In the meantime, I am tethered to this world and the human emotions within it, so I still cry and feel sorry that Jeff had to suffer and die so soon and I make room for him and his memory in our "new" life without him. I have visited his grave twice each day since he was buried. He does not yet have a headstone (they take two or three months to deliver) and in the meantime, his grave is unmarked, so I bought a "shepherd's hook" (for hanging baskets in a garden) and placed it at the corner of his grave with a special wind chime hanging on it. Jeff loved wind chimes (which is not something he widely publicized), and would always shop for one as a souvenir when we went on vacation. Unfortunately, he never found one that had a sound/tone that he liked. So, I don't know if he'll like the sound of the one I gave him, but it is beautiful to look at--very eye-catching--and will at least make enough noise to herald the fact that he is buried beneath it.
Well, this is a long and rambling post, but now that I have no one to talk to at night, you will likely see more where this came from. Sad, but true.
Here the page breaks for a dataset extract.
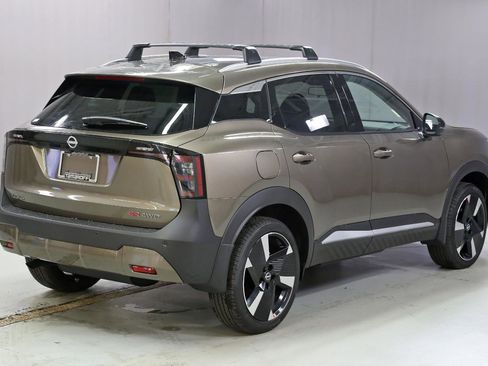 New 2026 Nissan Kicks SR image 15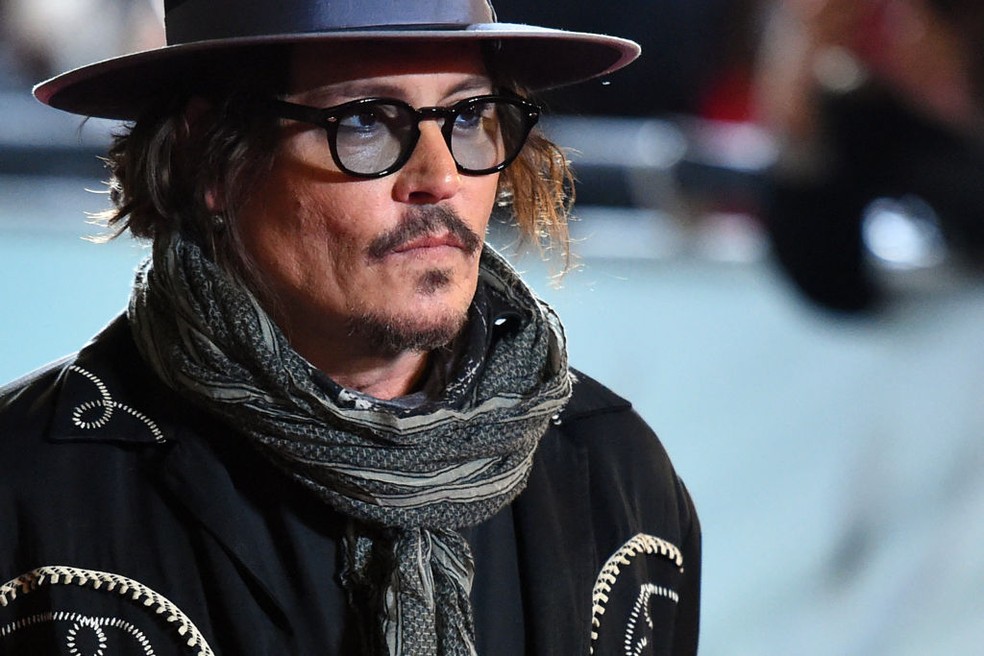 NOVO FILME DE JOHNNY DEPP VAI ESTREAR NA NETFLIX - Onda Oeste 100,3 FM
Until next time, thanks for continuing to support us and pray for all of us. I am slowly making headway opening all the cards and memorials and have been overwhelmed by people's generosity and kindness. Our house is filled to bursting with flowers and food and it is such a comfort--not to mention a flattering reminder of what a wonderful father I chose for my children and that you all chose as your friend. May God Bless him and Keep him.